Proposed Change of Investmnt Policy&Capital Return

RNS Number : 7922K
Vision Opportunity China Fund Ltd
21 July 2011
 



NOT FOR RELEASE, PUBLICATION OR DISTRIBUTION IN WHOLE OR IN PART INTO
the united states of america, CANADA, AUSTRALIA, SOUTH AFRICA OR JAPAN

21 July 2011

Vision Opportunity China Fund Limited

Proposed Change of Investment Policy

and

Proposed Capital Return to Shareholders of US$20 Million

Introduction

The Company announced on 24 May 2011 that the Board is recommending that the Company should not make any new investments, should seek to realise its remaining investments in an orderly fashion and should return surplus cash to Shareholders from time to time.  As implementation of the Board's recommendation will constitute a material change to the Company's investment policy, such change must be approved by Shareholders (in the form of an ordinary resolution) at an extraordinary general meeting.

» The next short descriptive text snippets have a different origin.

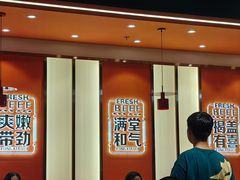 -龙虾奇迹(大华三路店)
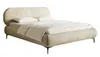 Selsey Ovalle - Doppelbett, Polsterbett mit Bettkasten, Produktbild-Vorschau 1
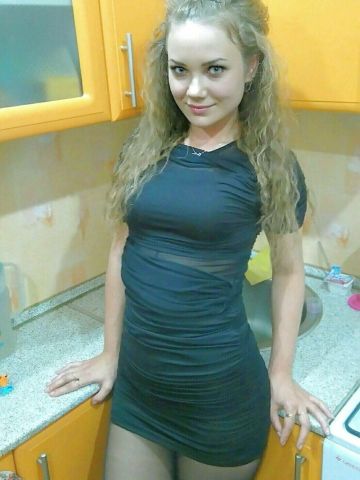 Олеся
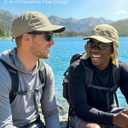 Mens Sun Hat with Breathable Mesh Sun Hats for Men Sun Protection Fishing Hat with Neck Flap for Hiking Cycling (Light Beige)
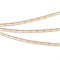 Светодиодная лента герметичная COB-PS-X400-7mm 24V Warm2700 (7.2 W/m, IP67, CSP, 5m) (Arlight, -) 041700 - фото 95418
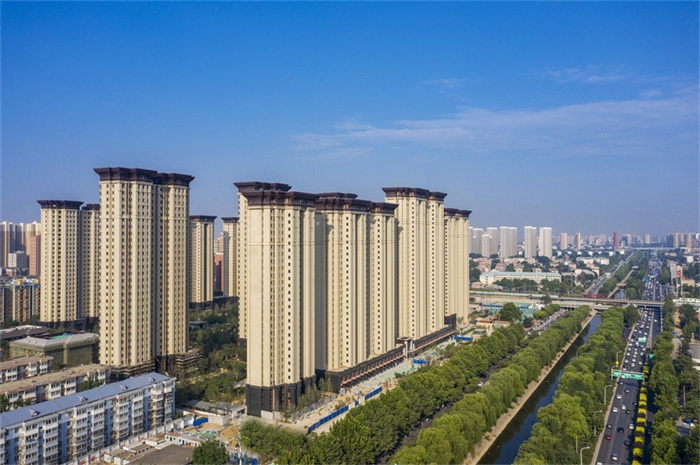 翡翠时光什么时候交房?最新房价多少?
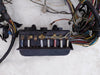 Kabelbaum Sicherungskasten Original Opel Rekord C Commodore A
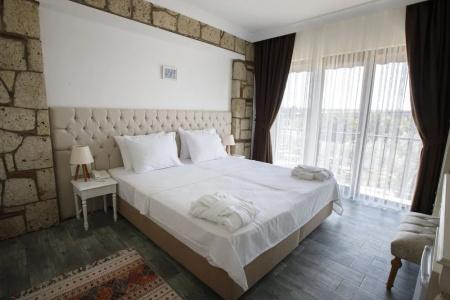 Albeon Luxury - Alacatı - 39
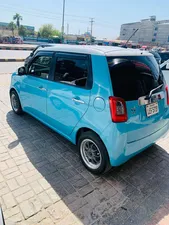 Honda N One Premium 2015 for Sale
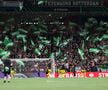Duel al galeriilor la Roma - Feyenoord » Show incendiar la Tirana, în finala Conference League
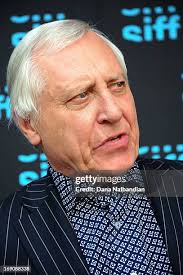 26 Seattle International Film Festival An Afternoon With Peter Greenaway  Stock Photos, High-Res Pictures, and Images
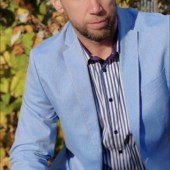 Ренат, 44 года из г. 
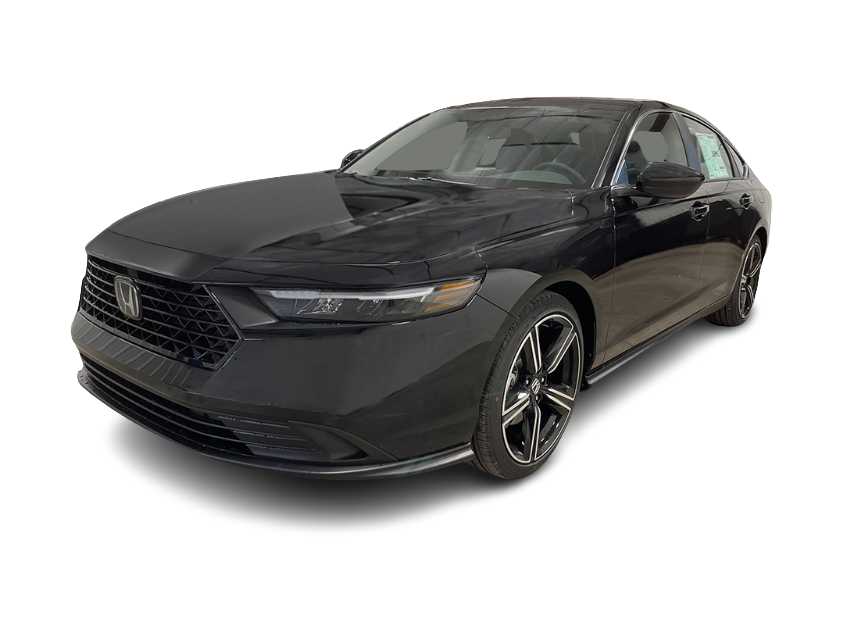 2025 Honda Accord Sport -
                Grapevine, TX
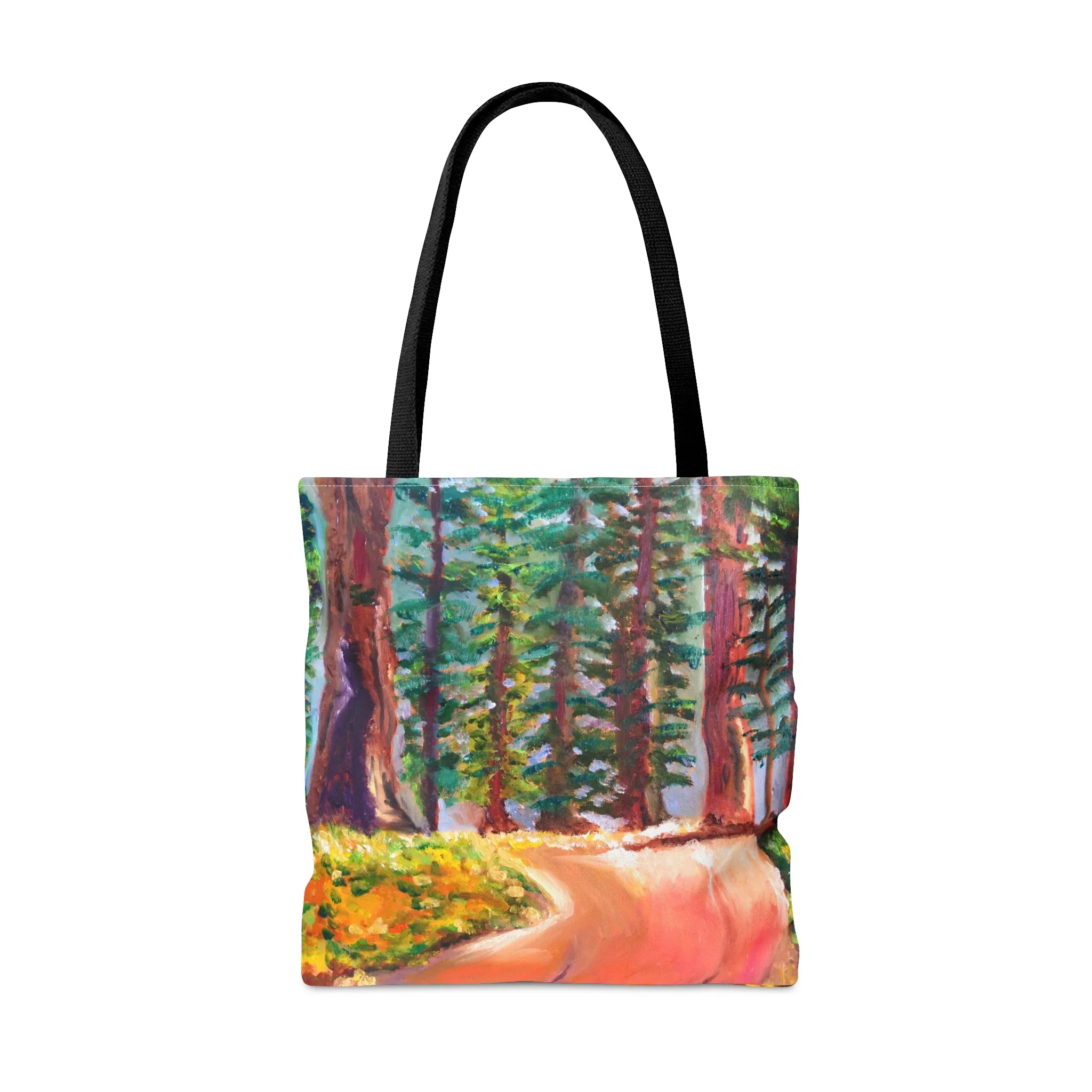 Tote Bag | Artwork by Ingrid Lai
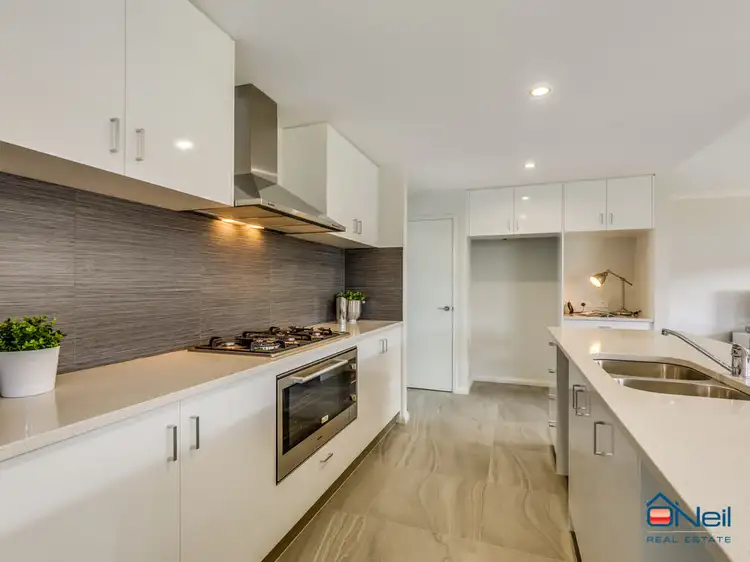 Fourth view of Homely house listing, 14 Burnham Road, Hilbert WA 6112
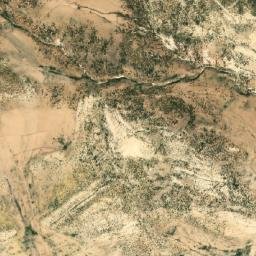 Satellite imagery of Fedj Oum Skhoun, DZ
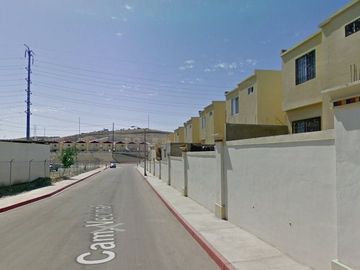 CASA EN VENTA, RECIDENCIAL BARCELONA, TIJUANA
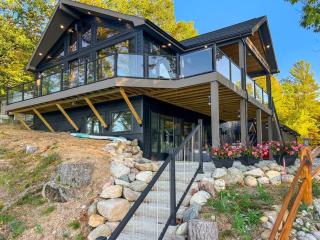 Leo's Bear Lake Hideaway - 9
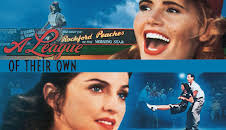 A League Of Their Own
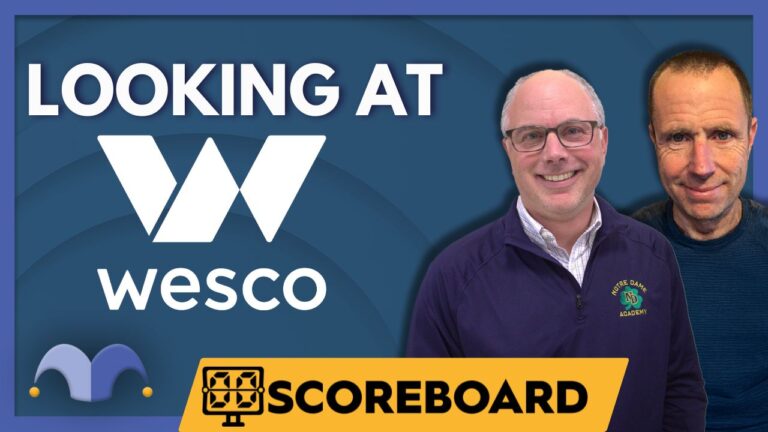 wesco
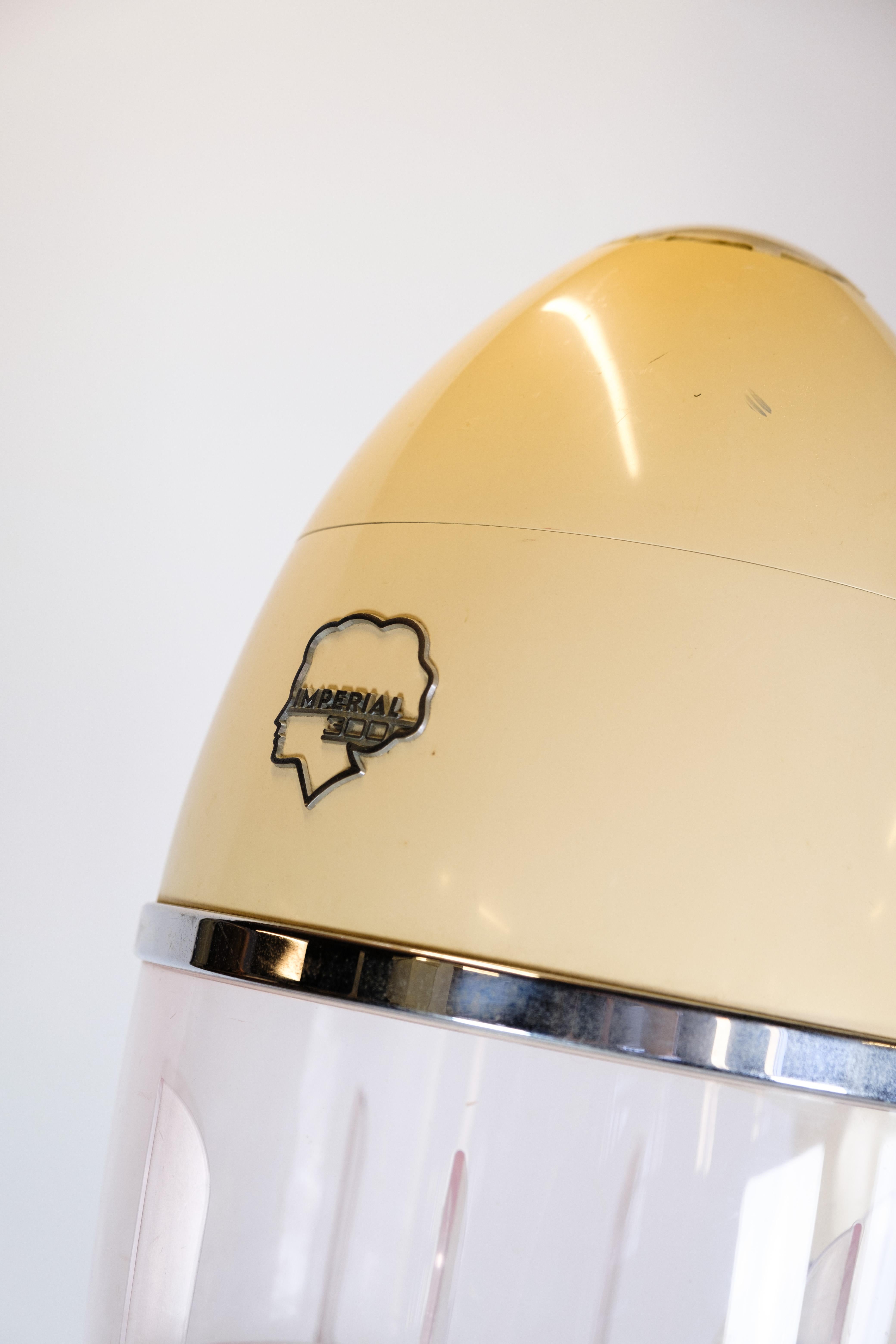 Casco Secador Vintage modelo imperial De Los Años 50 en venta 3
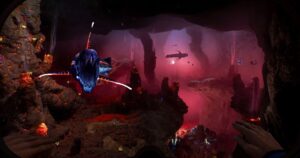 The developer of Subnautica 2 warns fans should watch for a fraudulent game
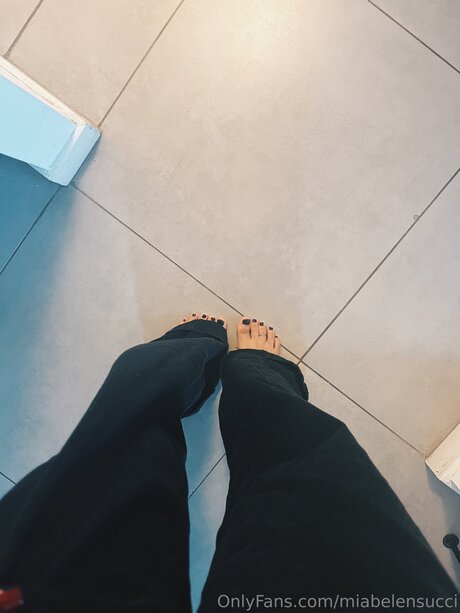 Miabelensucci OnlyFans-Post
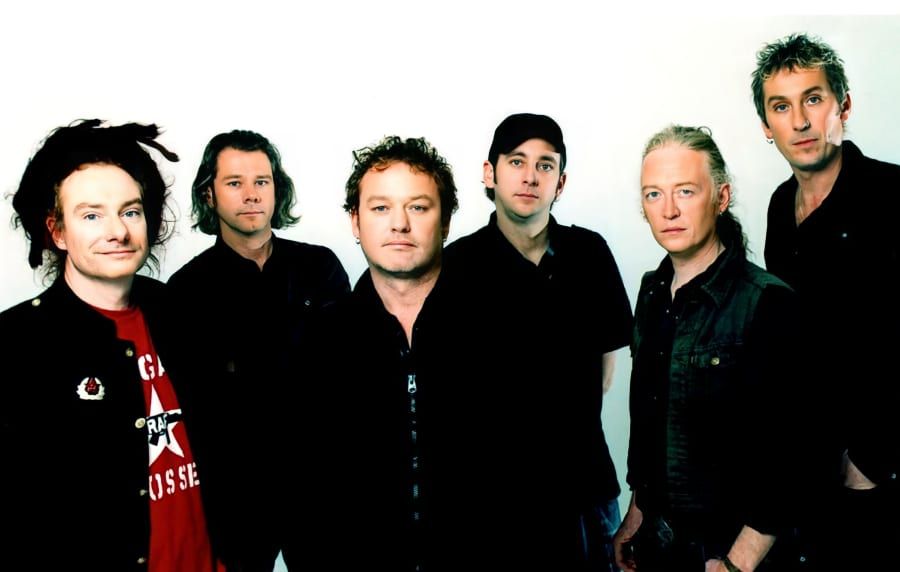 Levellers Caldicot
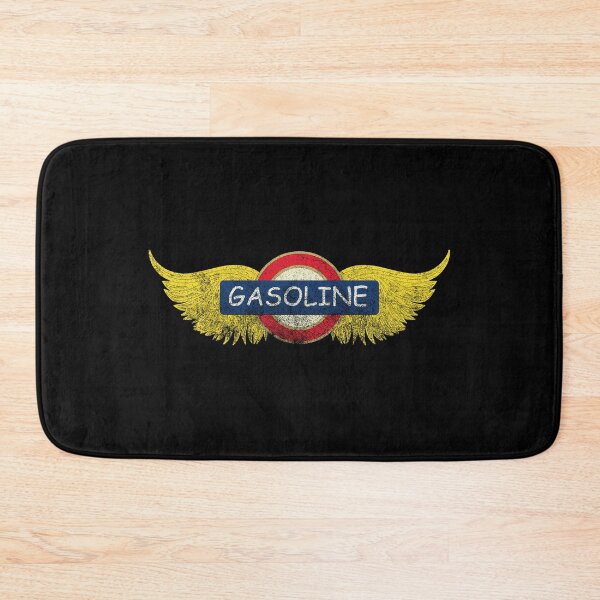 Item preview, Kim Larsen - Gasoline designed and sold by DesginsDone.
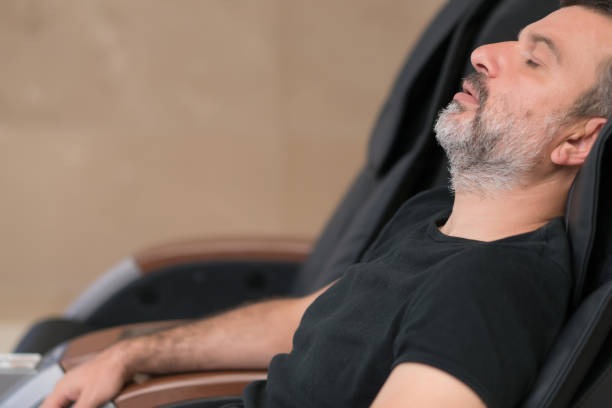 Do Massage Chairs Improve Comfort During Recovery Days?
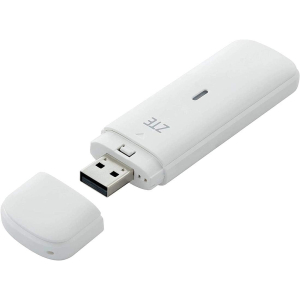 ZTE MF833V USB Dongle Adapter 150 Mbps Wireless Modem Mobile Broadband 4G LTE Stick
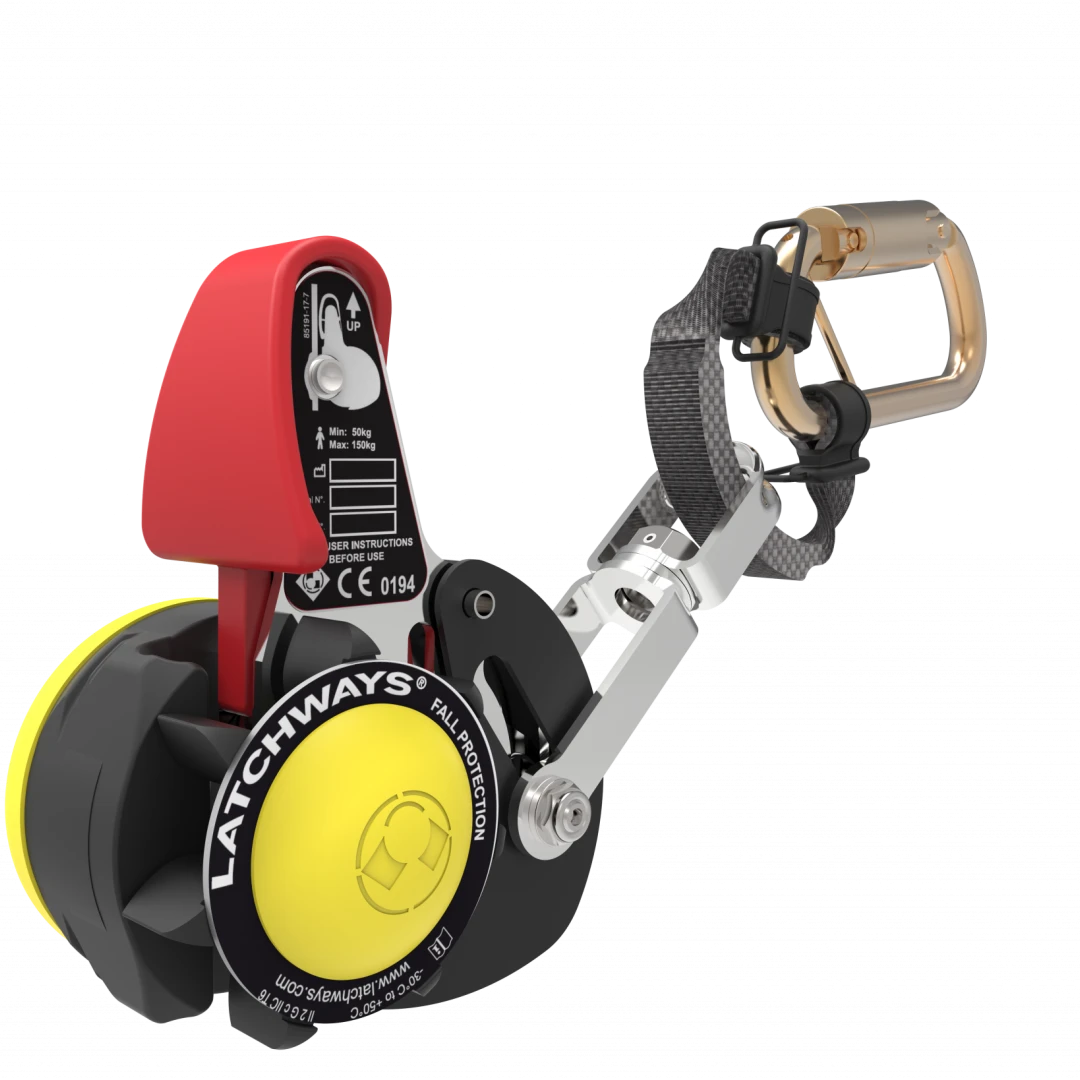 Towerlatch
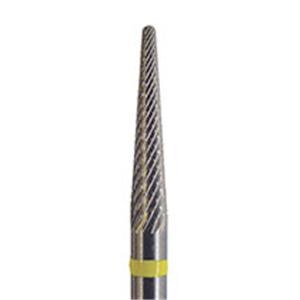Carbide Cutter Laboratory Handpiece 23ET-023 Titanium Toothing Ea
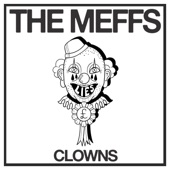 Clowns artwork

The Company has already realised a number of investments in accordance with its existing investment policy and the Company now has a significant amount of cash and cash equivalents (US$28.4 million as at 15 July 2011).  The Board is proposing to return US$20 million of this amount to Shareholders at this stage.  The Board has been in discussions with its advisers to determine appropriate mechanisms for returning surplus cash to Shareholders and has decided that, on this occasion, the most appropriate mechanism is a pro rata return of capital of US$0.3063 per Ordinary Share.  This return must also be approved by Shareholders (in the form of an ordinary resolution) at an extraordinary general meeting.

The Company is posting a circular to Shareholders today which contains a notice convening an extraordinary general meeting for 11.00 a.m. on 12 August 2011 at which the resolutions to approve the proposed change of investment policy and proposed capital return to Shareholders will be proposed.

VOC also announces the departure of David Benway from his role as Director of Origination of the Investment Manager, to pursue other interests.  He will remain a director of VOC for the time being on his current terms.

Changes to the Company's Investment Policy

In view of the Company's recent performance, the current adverse conditions in the financial markets and the uncertain outlook for smaller US-listed Chinese companies and after consulting Shareholders representing the majority of the issued share capital, the Directors have concluded that the Company's investments should be realised in an orderly manner and surplus cash returned to Shareholders.  Pending the EGM, the Board has instructed the Investment Manager to make no further investments other than in cash equivalents.  Within the parameters of the existing investment policy, the Investment Manager has already realised the Company's investments in China Gerui Advanced Materials Group Ltd. (NASDAQ:CHOP), China Security & Surveillance Technology, Inc. (NYSE:CSR), Global Education & Technology Group Limited (NASDAQ:GEDU) and China Ceramics Co., Ltd. (NASDAQ:CCCL).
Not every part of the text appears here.